WHAT THE TASK REQUIRES: After locating the line that contains "coahuayana-coche-bomba-narco-animal-politico-9" in the records below, write out exactly that line and each line after it through the one that contains "Used 2018 Chevrolet", and nothing else.
··· PROVIDED INFORMATION
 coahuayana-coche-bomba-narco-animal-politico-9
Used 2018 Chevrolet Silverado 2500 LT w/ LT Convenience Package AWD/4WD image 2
······
··· PROVIDED INFORMATION
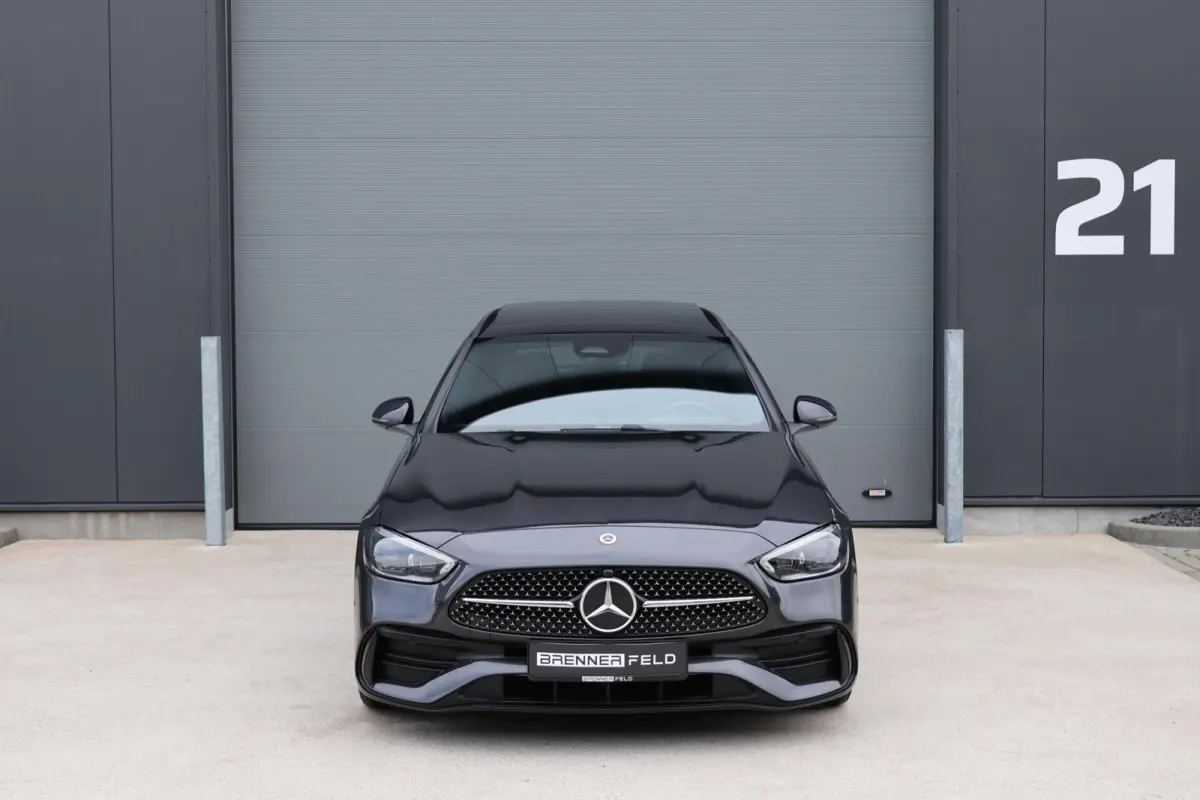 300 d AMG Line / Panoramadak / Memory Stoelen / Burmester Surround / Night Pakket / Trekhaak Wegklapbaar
······
SOLUTION BELOW:
 coahuayana-coche-bomba-narco-animal-politico-9
Used 2018 Chevrolet Silverado 2500 LT w/ LT Convenience Package AWD/4WD image 2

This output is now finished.